King Charles III was knee-deep in organic farming before the promise of profitability and high-tech marketing. He began an organic venture on The Duchy of Cornwall’s Home Farm in 1985, turning it into a “completely organic farming system.” In the early 1990s, he founded Duchy Originals to sell organic foods. According to Time, milk, carrots, oats, parsnips, and beets were among the items the farm provided to the company. So if you ever wondered what King Charles eats in a day, rest assured it’s more than his famous Oaten Biscuits, the first and most popular product produced under the Duchy label (per NPR).

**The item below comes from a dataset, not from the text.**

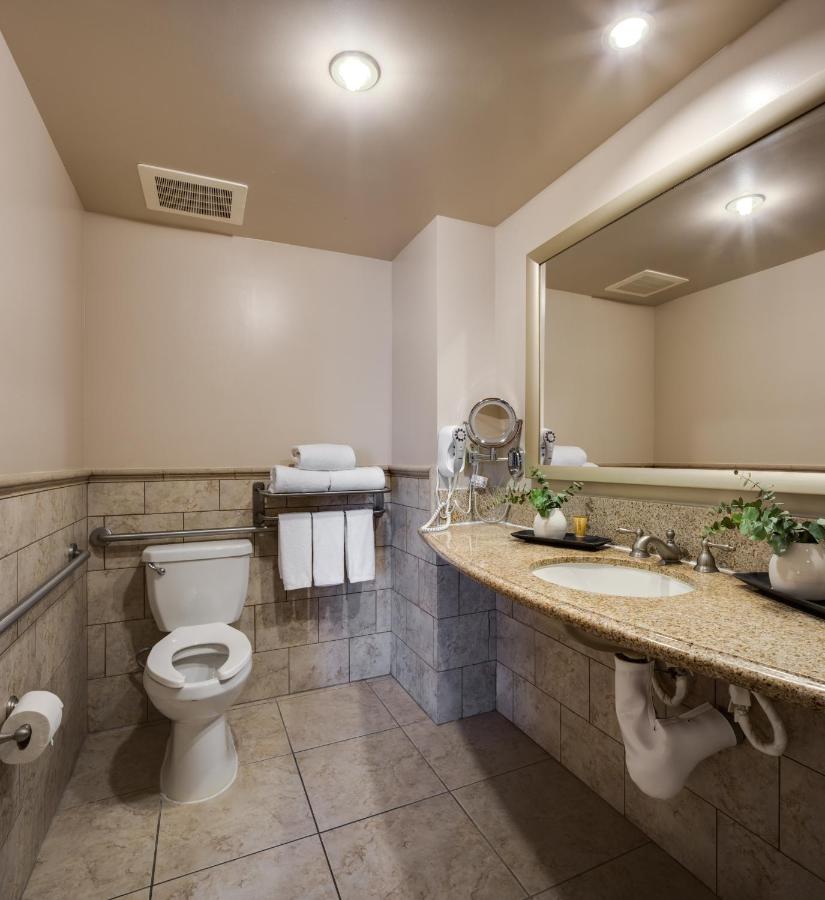 King Room - Disability Access at Ayres Hotel & Spa Mission Viejo – Lake Forest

Yet, it wasn’t all sunshine and cookies. Duchy Originals didn’t prove successful until its merger with Waitrose in 2009. The former Prince of Wales also founded a shop called The Veg Shed to sell the misshapen produce grown on the royal estate. Unfortunately, its doors closed in 2013 (via BBC). However, with Waitrose’s help, Dutchy Originals became a prestigious institution. With over 300 products available, in 2017, the brand made over $231 million dollars in sales (via CNN). It now spans 30 countries.
In 2020, King Charles did not renew the lease for Home Farm (per BBC) and with his new role as ruling monarch, he may be giving up more than just his public stature surrounding environmental activism (via Mirror). CNN speculates that he will eventually hand over the Duchy business to his son, Prince William.